- Sugar-sweetened Beverage Tax
Sugar-sweetened Beverage Tax
Whereas Canada faces substantially increased health care costs as a result of the rising incidence of diabetes, and
Whereas the country also faces an obesity epidemic as reported by a recent Senate Committee report, for which sugar-sweetened drinks play a substantial role, and
Whereas there is substantial evidence that the introduction of a tax on sugar-sweetened beverages in Mexico in 2014 has led to a substantial decrease in the consumption of these drinks, therefore
Be it resolved that a Green government will introduce a tax on sugar-sweetened (including those sweetened with high fructose corn syrup) and artificially sweetened drinks at a high enough level to discourage their consumption.
Canada is currently facing twin epidemics of diabetes and obesity that have a high cost to our economy and an incalculable human cost. While there are a number of lifestyle and nutritional causes for these problems, the high and growing consumption of sugar-sweetened beverages is a significant contributor to both of them. Placing a tax on these beverages to discourage consumption, though not a ‘silver bullet’, could help to moderate the economic and human costs of diabetes and obesity.

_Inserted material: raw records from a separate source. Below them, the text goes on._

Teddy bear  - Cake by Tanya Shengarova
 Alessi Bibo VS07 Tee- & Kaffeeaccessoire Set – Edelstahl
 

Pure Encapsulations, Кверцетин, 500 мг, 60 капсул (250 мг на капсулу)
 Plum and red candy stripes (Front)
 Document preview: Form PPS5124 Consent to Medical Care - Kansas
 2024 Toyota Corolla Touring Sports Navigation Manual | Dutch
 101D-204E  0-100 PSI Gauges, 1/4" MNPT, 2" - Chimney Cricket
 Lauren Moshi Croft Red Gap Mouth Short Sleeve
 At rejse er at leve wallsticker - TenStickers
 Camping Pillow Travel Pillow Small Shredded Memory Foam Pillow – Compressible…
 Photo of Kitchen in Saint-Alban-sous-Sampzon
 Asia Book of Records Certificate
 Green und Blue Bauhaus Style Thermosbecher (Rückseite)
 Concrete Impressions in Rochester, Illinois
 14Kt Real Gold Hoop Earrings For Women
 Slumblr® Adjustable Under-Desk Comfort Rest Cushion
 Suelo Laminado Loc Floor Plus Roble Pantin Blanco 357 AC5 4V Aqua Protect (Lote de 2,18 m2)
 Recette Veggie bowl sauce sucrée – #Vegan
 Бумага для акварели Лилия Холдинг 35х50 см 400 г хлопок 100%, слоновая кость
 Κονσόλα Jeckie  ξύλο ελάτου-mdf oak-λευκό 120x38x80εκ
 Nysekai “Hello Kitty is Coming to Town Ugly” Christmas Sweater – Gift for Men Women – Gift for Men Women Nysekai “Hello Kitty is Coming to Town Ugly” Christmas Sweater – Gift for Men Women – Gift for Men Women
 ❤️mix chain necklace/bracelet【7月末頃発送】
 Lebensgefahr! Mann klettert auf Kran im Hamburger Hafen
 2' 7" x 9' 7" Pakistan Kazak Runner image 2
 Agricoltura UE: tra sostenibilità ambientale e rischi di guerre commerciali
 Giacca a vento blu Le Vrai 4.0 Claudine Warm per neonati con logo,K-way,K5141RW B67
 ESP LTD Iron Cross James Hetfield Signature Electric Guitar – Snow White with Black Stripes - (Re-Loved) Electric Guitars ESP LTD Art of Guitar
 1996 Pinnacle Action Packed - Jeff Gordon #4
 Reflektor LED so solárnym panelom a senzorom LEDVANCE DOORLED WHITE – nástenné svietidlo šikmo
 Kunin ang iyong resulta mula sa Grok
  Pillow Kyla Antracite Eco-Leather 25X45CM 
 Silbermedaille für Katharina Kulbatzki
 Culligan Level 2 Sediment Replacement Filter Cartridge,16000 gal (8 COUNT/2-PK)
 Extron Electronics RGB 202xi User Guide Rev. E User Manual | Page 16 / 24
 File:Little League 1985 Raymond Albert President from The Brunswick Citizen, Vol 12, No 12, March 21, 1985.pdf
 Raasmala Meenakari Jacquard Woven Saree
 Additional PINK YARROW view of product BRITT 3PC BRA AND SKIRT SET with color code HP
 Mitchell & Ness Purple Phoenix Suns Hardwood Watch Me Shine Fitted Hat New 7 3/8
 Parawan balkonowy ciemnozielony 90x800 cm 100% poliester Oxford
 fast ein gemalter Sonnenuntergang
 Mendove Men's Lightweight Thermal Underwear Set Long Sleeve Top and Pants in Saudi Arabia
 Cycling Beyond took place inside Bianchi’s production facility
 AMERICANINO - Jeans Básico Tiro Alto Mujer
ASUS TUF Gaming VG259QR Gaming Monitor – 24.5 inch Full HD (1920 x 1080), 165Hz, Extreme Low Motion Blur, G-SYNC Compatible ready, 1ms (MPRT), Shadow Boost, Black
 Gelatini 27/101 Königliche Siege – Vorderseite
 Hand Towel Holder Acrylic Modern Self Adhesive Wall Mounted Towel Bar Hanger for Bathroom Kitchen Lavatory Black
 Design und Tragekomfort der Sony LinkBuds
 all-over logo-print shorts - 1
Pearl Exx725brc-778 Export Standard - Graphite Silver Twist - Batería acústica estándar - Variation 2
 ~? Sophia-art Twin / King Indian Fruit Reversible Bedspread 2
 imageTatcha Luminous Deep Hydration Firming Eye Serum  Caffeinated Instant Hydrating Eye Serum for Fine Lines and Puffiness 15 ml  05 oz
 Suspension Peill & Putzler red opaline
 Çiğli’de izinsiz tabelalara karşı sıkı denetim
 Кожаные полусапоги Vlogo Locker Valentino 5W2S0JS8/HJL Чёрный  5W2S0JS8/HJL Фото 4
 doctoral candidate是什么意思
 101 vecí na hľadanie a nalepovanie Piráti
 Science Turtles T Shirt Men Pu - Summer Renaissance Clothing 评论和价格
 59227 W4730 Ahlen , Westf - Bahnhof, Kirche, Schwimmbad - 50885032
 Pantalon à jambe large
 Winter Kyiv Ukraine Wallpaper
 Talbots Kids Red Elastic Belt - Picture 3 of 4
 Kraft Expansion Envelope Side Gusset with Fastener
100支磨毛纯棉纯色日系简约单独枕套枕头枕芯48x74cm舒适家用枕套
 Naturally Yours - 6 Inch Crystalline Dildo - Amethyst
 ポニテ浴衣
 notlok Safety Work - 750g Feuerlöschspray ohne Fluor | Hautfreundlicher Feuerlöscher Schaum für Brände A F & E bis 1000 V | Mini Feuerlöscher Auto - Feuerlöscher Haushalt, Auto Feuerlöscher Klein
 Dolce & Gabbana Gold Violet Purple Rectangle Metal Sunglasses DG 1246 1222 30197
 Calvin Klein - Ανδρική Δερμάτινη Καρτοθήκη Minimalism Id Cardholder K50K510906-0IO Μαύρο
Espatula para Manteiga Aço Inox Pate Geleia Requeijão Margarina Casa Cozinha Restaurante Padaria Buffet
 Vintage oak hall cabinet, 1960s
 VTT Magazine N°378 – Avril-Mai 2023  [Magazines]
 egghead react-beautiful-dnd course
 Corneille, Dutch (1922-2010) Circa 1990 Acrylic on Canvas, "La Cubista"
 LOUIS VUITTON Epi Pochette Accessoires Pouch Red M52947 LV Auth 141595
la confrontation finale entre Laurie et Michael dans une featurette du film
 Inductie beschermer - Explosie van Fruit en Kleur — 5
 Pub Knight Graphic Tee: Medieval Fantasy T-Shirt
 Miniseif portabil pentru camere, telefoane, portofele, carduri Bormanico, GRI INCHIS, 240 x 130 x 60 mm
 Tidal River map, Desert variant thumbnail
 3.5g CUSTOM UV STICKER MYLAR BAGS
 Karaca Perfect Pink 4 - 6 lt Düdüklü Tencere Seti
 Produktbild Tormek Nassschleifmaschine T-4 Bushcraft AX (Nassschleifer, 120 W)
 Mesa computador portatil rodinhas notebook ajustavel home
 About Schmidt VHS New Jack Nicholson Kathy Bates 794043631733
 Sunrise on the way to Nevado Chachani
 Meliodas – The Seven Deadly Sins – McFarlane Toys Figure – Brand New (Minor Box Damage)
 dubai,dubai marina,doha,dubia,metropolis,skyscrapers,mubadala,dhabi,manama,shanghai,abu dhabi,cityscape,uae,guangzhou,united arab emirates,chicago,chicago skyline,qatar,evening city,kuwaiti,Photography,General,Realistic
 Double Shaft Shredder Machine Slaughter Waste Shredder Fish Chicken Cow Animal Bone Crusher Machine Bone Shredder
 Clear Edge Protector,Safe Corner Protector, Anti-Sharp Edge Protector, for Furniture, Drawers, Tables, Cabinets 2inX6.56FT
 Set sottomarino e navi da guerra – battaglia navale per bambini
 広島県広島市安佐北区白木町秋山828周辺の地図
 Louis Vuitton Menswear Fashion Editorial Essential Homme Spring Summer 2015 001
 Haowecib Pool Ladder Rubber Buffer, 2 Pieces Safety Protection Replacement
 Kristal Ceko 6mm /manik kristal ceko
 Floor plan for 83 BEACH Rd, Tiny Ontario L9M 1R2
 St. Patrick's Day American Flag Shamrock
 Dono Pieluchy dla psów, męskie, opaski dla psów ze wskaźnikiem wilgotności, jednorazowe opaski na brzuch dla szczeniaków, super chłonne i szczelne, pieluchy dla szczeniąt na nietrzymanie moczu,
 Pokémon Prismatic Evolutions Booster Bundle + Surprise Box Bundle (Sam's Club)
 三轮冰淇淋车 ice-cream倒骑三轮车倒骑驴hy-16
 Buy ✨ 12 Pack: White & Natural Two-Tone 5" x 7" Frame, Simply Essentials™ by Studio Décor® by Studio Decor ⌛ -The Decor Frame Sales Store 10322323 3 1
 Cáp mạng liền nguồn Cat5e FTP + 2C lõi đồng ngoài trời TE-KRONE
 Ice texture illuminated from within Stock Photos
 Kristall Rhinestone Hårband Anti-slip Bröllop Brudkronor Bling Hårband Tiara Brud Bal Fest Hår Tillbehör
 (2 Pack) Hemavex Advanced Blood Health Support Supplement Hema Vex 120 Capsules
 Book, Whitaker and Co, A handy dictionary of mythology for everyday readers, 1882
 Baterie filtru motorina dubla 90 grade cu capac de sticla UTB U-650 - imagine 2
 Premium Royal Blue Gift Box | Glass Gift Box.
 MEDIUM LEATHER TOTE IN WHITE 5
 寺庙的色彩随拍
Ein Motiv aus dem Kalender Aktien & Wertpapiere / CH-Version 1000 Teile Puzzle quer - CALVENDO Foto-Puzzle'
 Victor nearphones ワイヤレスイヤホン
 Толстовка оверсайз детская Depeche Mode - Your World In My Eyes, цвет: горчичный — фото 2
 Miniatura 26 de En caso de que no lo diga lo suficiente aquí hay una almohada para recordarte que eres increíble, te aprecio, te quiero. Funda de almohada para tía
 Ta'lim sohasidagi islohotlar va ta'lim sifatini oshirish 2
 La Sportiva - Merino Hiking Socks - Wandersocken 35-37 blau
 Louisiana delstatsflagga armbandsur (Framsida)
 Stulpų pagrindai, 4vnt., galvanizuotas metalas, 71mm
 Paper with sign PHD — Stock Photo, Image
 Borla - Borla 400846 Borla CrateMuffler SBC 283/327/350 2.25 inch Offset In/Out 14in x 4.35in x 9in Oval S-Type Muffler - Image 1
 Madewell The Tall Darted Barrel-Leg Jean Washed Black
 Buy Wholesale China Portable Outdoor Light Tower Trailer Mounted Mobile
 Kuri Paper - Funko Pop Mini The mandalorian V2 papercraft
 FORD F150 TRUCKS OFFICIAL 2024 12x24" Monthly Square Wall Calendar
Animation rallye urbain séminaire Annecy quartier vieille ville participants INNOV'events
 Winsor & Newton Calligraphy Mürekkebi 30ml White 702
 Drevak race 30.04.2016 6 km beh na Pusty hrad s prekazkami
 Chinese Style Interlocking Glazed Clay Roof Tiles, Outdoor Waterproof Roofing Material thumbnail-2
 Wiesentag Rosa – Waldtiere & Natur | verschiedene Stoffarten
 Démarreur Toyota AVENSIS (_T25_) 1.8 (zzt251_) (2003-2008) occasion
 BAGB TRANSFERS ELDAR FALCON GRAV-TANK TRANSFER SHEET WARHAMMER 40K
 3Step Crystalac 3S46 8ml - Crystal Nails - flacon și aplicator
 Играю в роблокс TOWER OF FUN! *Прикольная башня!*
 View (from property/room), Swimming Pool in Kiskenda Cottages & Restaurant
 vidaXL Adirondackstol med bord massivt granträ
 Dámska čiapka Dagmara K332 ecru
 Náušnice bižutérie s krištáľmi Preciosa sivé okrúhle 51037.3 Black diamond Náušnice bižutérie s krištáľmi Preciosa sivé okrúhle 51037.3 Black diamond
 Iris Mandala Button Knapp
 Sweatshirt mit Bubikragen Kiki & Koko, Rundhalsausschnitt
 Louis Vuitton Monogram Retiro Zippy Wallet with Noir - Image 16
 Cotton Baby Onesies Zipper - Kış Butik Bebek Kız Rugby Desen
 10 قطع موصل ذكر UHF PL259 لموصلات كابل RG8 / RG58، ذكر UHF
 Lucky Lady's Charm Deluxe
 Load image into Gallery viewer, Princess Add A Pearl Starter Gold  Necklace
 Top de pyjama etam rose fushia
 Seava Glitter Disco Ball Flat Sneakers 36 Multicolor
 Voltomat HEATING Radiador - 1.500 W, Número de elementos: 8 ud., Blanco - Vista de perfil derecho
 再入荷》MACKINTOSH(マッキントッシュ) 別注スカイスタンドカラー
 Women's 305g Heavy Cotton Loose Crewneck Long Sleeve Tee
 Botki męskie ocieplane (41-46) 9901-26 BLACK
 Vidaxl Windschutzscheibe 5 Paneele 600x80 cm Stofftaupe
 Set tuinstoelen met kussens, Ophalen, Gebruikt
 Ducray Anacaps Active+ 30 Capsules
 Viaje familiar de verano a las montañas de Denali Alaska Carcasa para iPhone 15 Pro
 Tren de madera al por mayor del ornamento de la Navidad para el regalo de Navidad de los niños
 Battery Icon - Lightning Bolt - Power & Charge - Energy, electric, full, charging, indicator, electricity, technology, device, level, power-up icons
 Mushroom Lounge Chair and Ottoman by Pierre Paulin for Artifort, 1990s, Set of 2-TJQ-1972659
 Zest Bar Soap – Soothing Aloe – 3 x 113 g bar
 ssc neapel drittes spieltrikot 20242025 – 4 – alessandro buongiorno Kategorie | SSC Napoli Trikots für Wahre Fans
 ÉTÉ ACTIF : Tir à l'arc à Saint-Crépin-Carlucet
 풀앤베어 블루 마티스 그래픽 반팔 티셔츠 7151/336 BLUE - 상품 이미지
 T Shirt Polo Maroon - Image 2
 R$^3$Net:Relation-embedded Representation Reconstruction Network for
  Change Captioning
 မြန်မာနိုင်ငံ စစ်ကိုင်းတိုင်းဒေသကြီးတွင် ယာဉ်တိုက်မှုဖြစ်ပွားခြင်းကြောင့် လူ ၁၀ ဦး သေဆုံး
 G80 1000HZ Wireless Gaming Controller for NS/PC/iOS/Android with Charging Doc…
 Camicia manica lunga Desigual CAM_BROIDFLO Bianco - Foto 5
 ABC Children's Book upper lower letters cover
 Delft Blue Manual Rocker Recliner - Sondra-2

According to the Canadian Diabetes Association, the prevalence of diabetes has almost doubled since the year 2000, and is expected to increase by another 1.5 million people by the year 2020. It was estimated to have put an $11.7 billion burden on our economy in 2010.
A recent Senate committee convened to investigate the obesity problem in Canada found that each year between 48,000 and 66,000 Canadians die from conditions linked to excess weight, that nearly two-thirds of adults and one-third of children are obese or overweight, and that obesity costs our country between $4.6 and $7.1 billion annually in health care and lost productivity.
In one of its four recommendations, the committee called for a study of a tax on sugar- and artificially-sweetened beverages.
Experiences in other countries suggest that a tax on sugar-sweetened beverages can be effective in reducing consumption. Mexico, where an exploding obesity problem that coincided with sharply increased levels of consumption, implemented a one-peso-per-litre soda tax tax (about 10% of the pre-tax price) on sweetened beverages at the beginning of 2014. By the end of the year the tax had yielded 1.9 billion pesos in revenue and sales were down 17%. How much this reduced consumption will affect health outcomes is more difficult to determine, but it is likely to be significant.